Re: ISSUE-23: Where should we query for class and subClassOf? from Holger Knublauch on 2016-01-20 (public-data-shapes-wg@w3.org from January 2016)

From: Holger Knublauch <holger@topquadrant.com>
Date: Wed, 20 Jan 2016 11:09:54 +1000
To: public-data-shapes-wg@w3.org
Message-ID: <569EDE62.10400@topquadrant.com>

(I predict that the separation between shapes and data graph will become 
a FAQ topic for SHACL. It may have been better to leave this topic out 
in version 1 of the standard, as many users will topple over it. Such 
things may break the standard's adoption because they complicate 
everything. In the end, the main benefit of having a shapes graph is 
optimizing performance (so that the data graph is not polluted), yet 
this may be considered premature optimization as engines can probably 
take care of this themselves.)

Anyway, your specific suggestion MAY work for me, as the shapes graph is 
a conceptual/logical entity only and engines may inject any number of 
triples into the shapes graph prior to validation. This doesn't make 
life easier though, so I am not sure.

Two issues come to my mind:

1) if we assume the rdfs:subClassOf triples reside in the shapes graph 
only, then the user/engine needs to take care to consider extensibility: 
the data graph may include extensions of the core ontology that a shapes 
graph was developed against. For example someone may create a subclass 
ex2:Cat while the shape only knows about ex1:Animal. To prepare 
validation, some agent would need to make sure that ex2:Cat 
rdfs:subClassOf ex1:Animal is visible to the shapes graph.
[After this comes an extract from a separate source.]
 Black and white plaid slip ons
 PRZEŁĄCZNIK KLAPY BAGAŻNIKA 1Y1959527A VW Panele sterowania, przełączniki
2) sh:class currently looks at the data graph. If we change the behavior 
of sh:scopeClass then we arguably would also need to change sh:class to 
walk the shapes graph.

Holger

On 20/01/2016 4:38 AM, Arthur Ryman wrote:
> While reading the spec I noticed the following statement:
>
> "To determine class membership, the rdf:type and rdfs:subClassOf
> triples are queried in the data graph."
>
> However, querying the data graph for class and subclass information is
> inconsistent with the example SPARQL for determining which shapes are
> classes:
>
> "As syntactic sugar for the scenario above, SHACL includes a rule that
> if a class is also a shape (in the shapes graph), then the
> sh:scopeClass triple pointing at itself can be omitted. This rule is
> illustrated by the following SPARQL CONSTRUCT query, which may be
> executed over the shapes graph prior to validation, to produce the
> implicit sh:scopeClass triples."
>
> CONSTRUCT {
> ?class sh:scopeClass ?class .
> }
> WHERE {
> ?class rdfs:subClassOf*/rdf:type rdfs:Class .
> ?class rdfs:subClassOf*/rdf:type sh:Shape .
> }
>
> I propose that in both cases we query the shapes graph, NOT the data graph.
>
> Recall that we expect the application to provide a shapes graph and a
> data graph as input to the SHACL validator. Therefore, the application
> can always copy any rdfs:Class and rdfs:subClassOf triples into the
> shapes graph. Although RDF does not require class definitions to be
> separated from data instances, in practice these are often separated.
> Both shapes and classes are more properly regarded as metadata than
> data.
>
> -- Arthur
>

Received on Wednesday, 20 January 2016 01:10:34 UTC